Problem details: Send back the line that contains "Chart illustrating simple" and all lines following it through the end of the data below, exactly, omitting pictures.

Data shown:
====
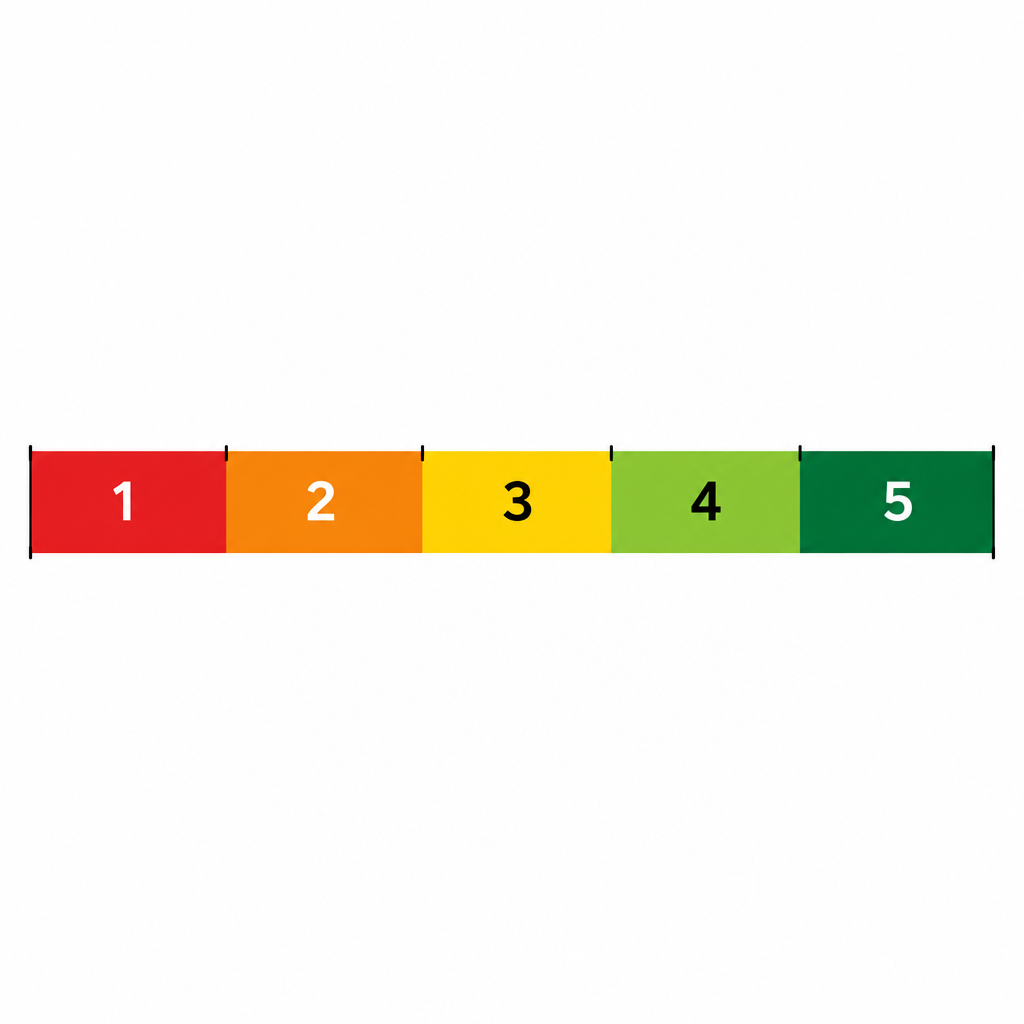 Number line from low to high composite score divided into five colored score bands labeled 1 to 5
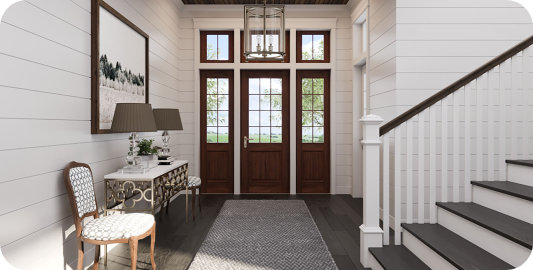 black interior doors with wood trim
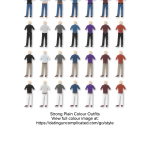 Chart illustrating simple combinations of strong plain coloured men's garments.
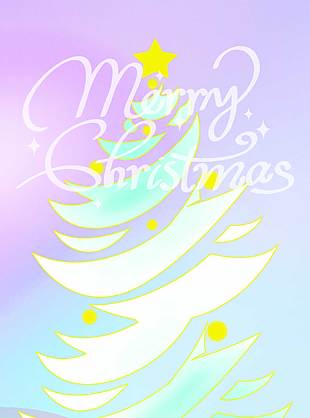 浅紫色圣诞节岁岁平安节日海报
====
Completed task:
 Chart illustrating simple combinations of strong plain coloured men's garments.
 浅紫色圣诞节岁岁平安节日海报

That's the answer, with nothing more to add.